Peygambere indirileni işittiklerinde, âşinâ oldukları haktan dolayı gözlerinin yaşla dolduğunu görürsün. 'Ey Rabbimiz, iman ettik,' derler. 'Sen de bizi hakka şahitlik edenlerle beraber yaz.

وَمَا لَنَا لاَ نُؤْمِنُ بِاللّهِ وَمَا جَاءنَا مِنَ الْحَقِّ وَنَطْمَعُ أَن يُدْخِلَنَا رَبَّنَا مَعَ الْقَوْمِ الصَّالِحِينَ ﴿٨٤﴾

5/MÂİDE SURESİ-84. AYET (Meâlleri Kıyasla): Ve mâ lenâ lâ nu’minu billâhi ve mâ câenâ minel hakkı ve natmeu en yudhılenâ rabbunâ meal kavmis sâlihîn(sâlihîne).

'Rabbimizin bizi iyi ve hayırlı kullar arasına katması için can atarken, Allah'a ve haktan bize gelene niçin iman etmeyelim?'

فَأَثَابَهُمُ اللّهُ بِمَا قَالُواْ جَنَّاتٍ تَجْرِي مِن تَحْتِهَا الأَنْهَارُ خَالِدِينَ فِيهَا وَذَلِكَ جَزَاء الْمُحْسِنِينَ ﴿٨٥﴾

5/MÂİDE SURESİ-85. AYET (Meâlleri Kıyasla): Fe esâbehumullâhu bimâ kâlû cennâtin tecrî min tahtihâl enhâru hâlidîne fîhâ ve zâlike cezâûl muhsinîn(muhsinîne).

Bu söylediklerine karşılık, Allah da onları, içinde ebediyen kalacakları, altlarından ırmaklar akan Cennetlerle ödüllendirdi. İyilik yapan ve iyi kulluk edenlerin karşılığı işte budur.

وَالَّذِينَ كَفَرُواْ وَكَذَّبُواْ بِآيَاتِنَا أُوْلَئِكَ أَصْحَابُ الْجَحِيمِ ﴿٨٦﴾

5/MÂİDE SURESİ-86. AYET (Meâlleri Kıyasla): Vellezîne keferû ve kezzebû bi âyâtinâ ulâike ashâbul cahîm(cahîmi).
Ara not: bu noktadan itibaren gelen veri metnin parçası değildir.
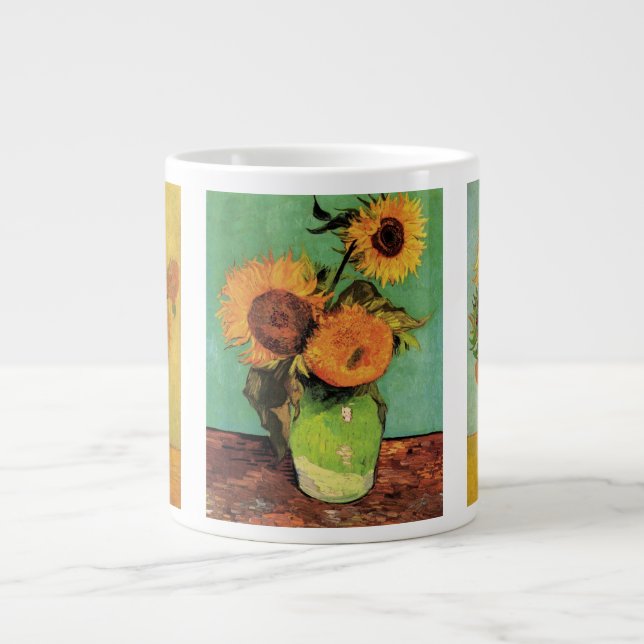 3 different Vincent van Gogh Sunflower Paintings Large Coffee Mug (Front)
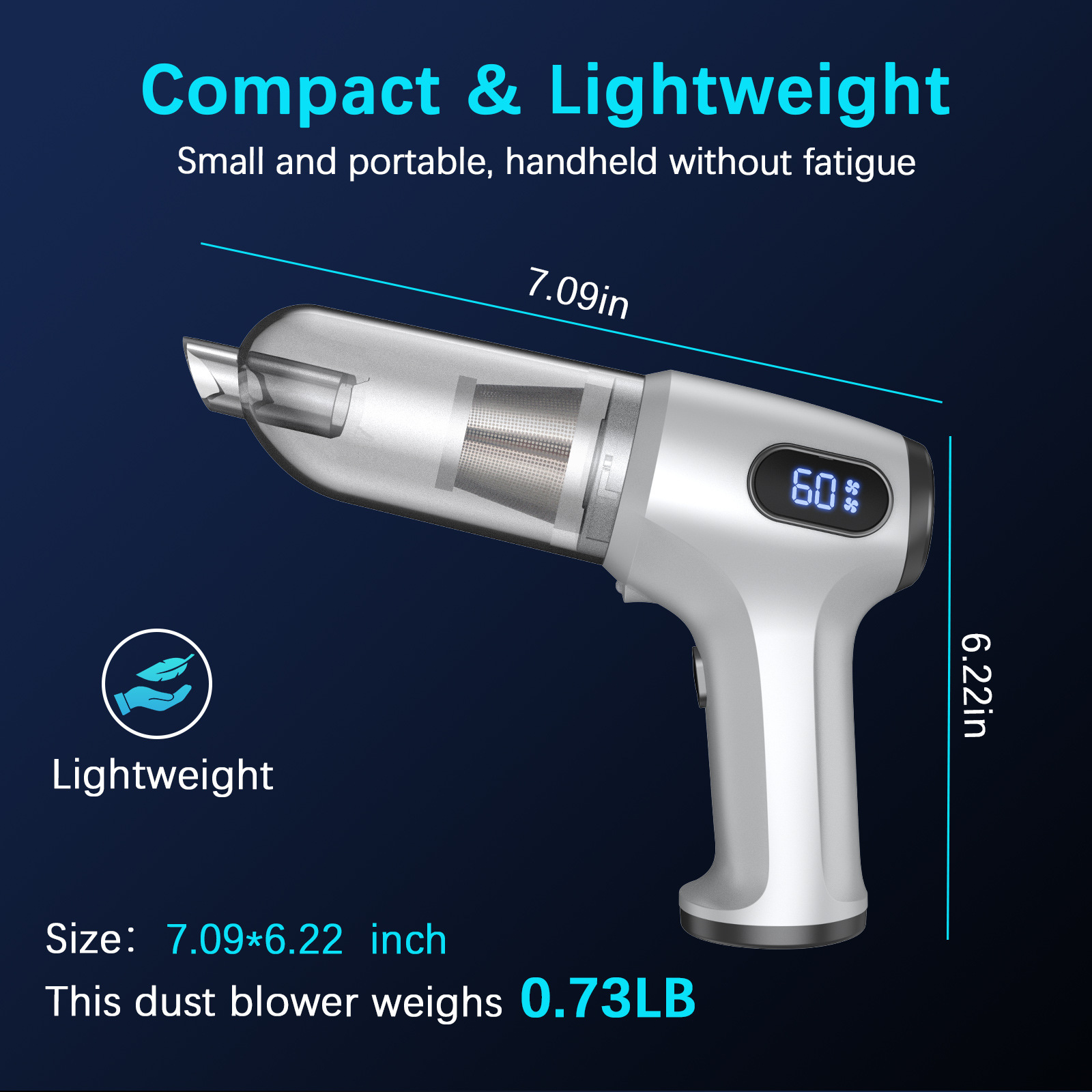 2-in-1 Cordless Handheld Vacuum & Air Duster - 12000Pa Suction, 70000 RPM, LED Light, USB-C Rechargeable(Silver) โ image 2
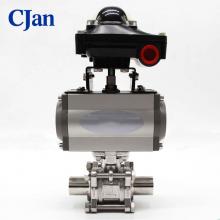 Sanitary Intelligent Control Pneumatic 3pc Package Ball Valve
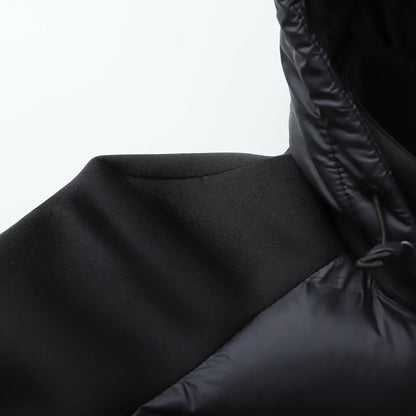 Black Patchwork Thermal Long-Sleeve Hooded Cotton-Padded Jacket Coat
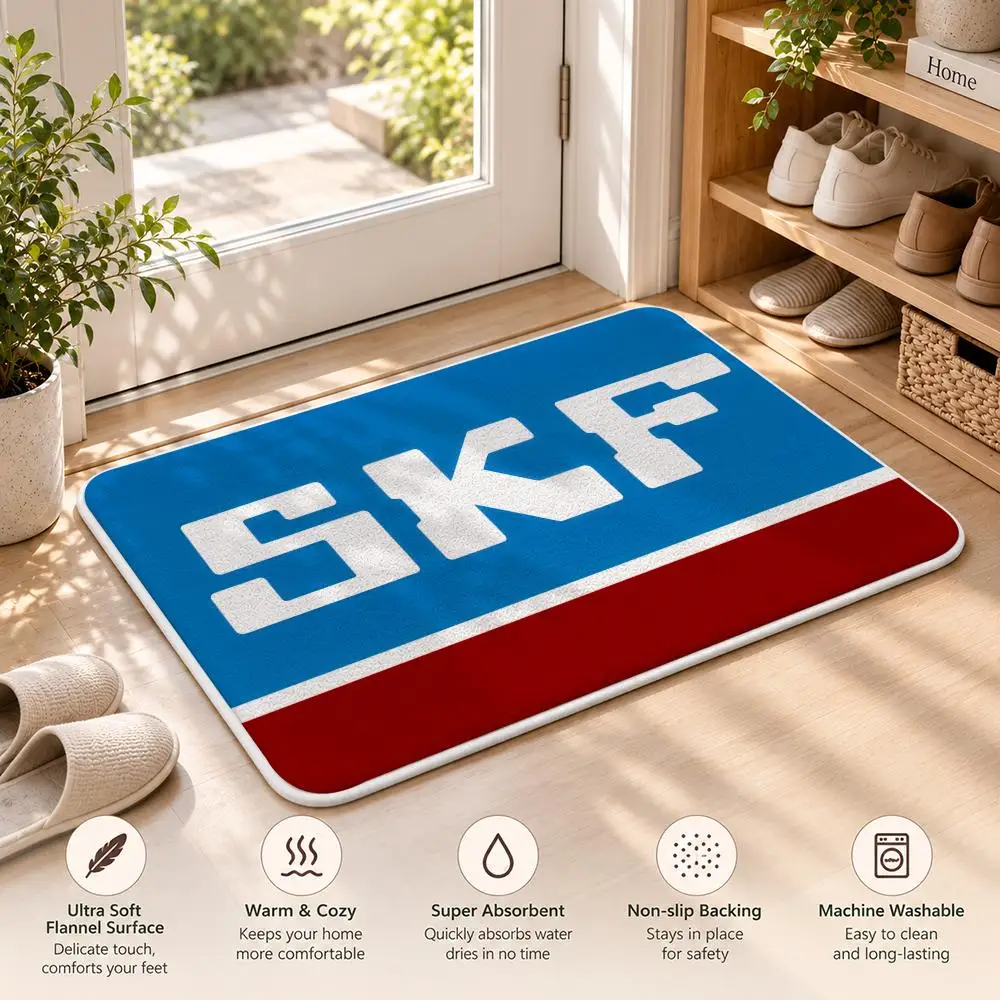 S-SKF Bearings Modification Floor Mat Flannel Rug Soft Non Slip Door Mat For Bathroom Bedroom Kitchen Living Room Home Decor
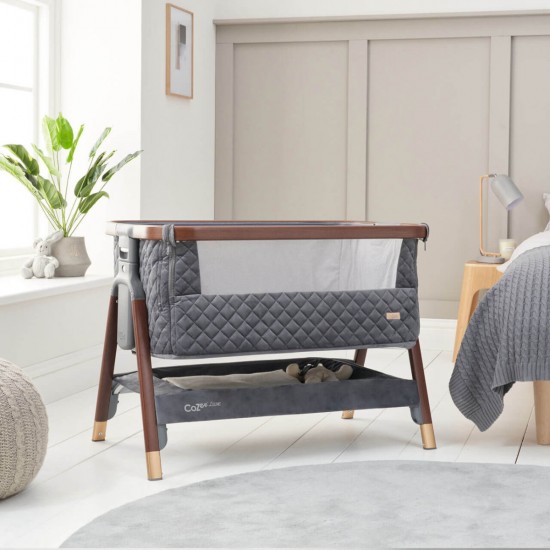 Tutti Bambini CoZee Luxe Bedside Crib, Walnut & Slate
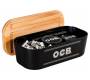Πλαστικό Κουτί Αποθήκευσης OCB Μαύρο 20x10.5x6.5cm με Ξύλινο Καπάκι-Δίσκο - Τιμή: 17,50€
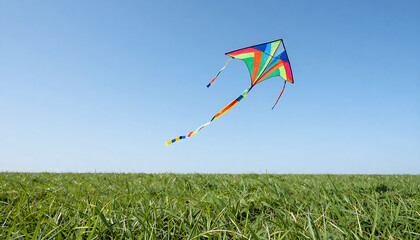 A vivid, multi-panel kite with a long trailing streamers in a field of low crops or grass, HD and 4k image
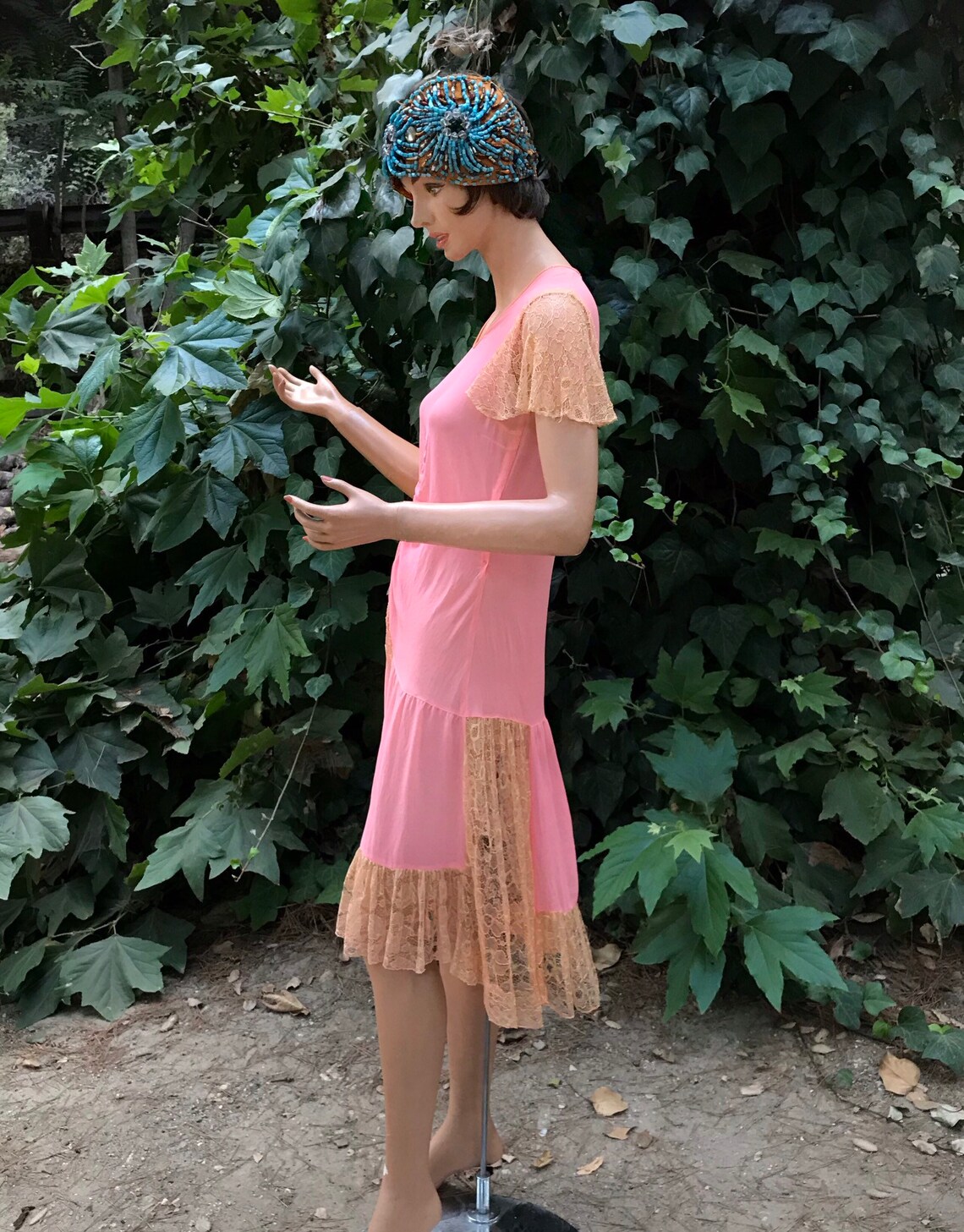 1920s PINK Flapper Dress Baby Pink SILK Gold Lace Art Etsy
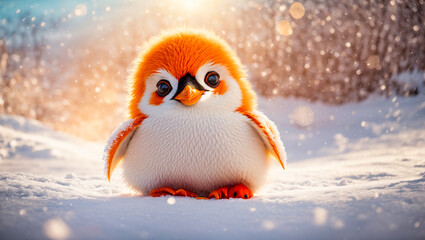 Cute cartoon penguin in a snowy meadow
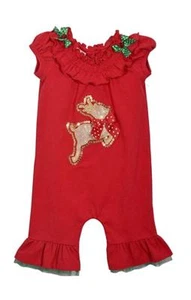 Bonnie Jean Christmas 1 Pc Red with Leaping Reindeer Applique Smocked Pants Set - Picture 1 of 1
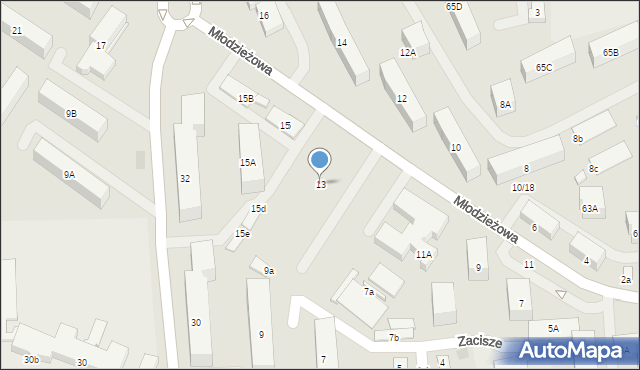 Płońsk, Młodzieżowa, 13, mapa Płońsk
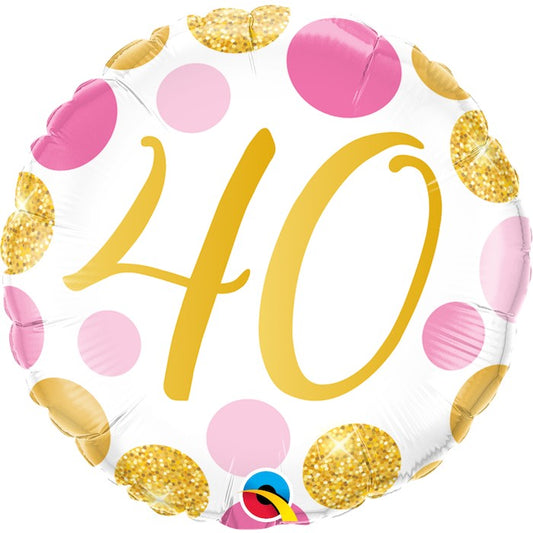 Globo numero 40 puntos rosa y oro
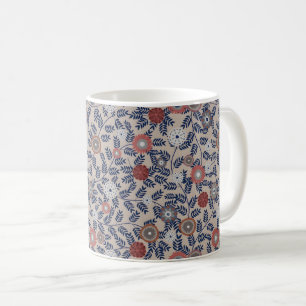 Taza De Café Impresionante patrón de follaje en azul verde y ma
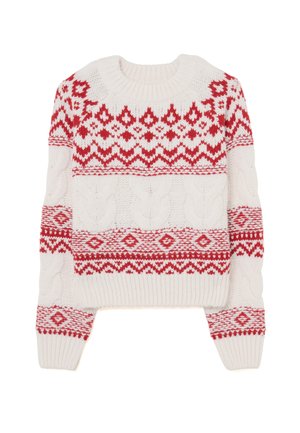 Weißer Pullover mit einem rot-weißen geometrischen Muster und Zopfmuster-Akzenten. Rundhalsausschnitt mit gerippten Bündchen und Saum.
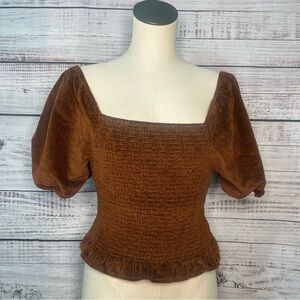 American Eagle Outfitters Medium Smocked Puff Sleeve Blouse Brown Crop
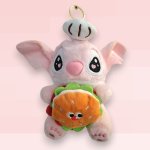 Stitch Style Plush Chef Keyring – Pink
İnkâr eden ve âyetlerimizi yalanlayanlar ise Cehennem ehlidir.

يَا أَيُّهَا الَّذِينَ آمَنُواْ لاَ تُحَرِّمُواْ طَيِّبَاتِ مَا أَحَلَّ اللّهُ لَكُمْ وَلاَ تَعْتَدُواْ إِنَّ اللّهَ لاَ يُحِبُّ الْمُعْتَدِينَ ﴿٨٧﴾

5/MÂİDE SURESİ-87. AYET (Meâlleri Kıyasla): Yâ eyyuhâllezîne âmenû lâ tuharrimû tayyibâti mâ ehallallâhu lekum ve lâ ta’tedû innallâhe lâ yuhibbul mu’tedîn(mu’tedîne).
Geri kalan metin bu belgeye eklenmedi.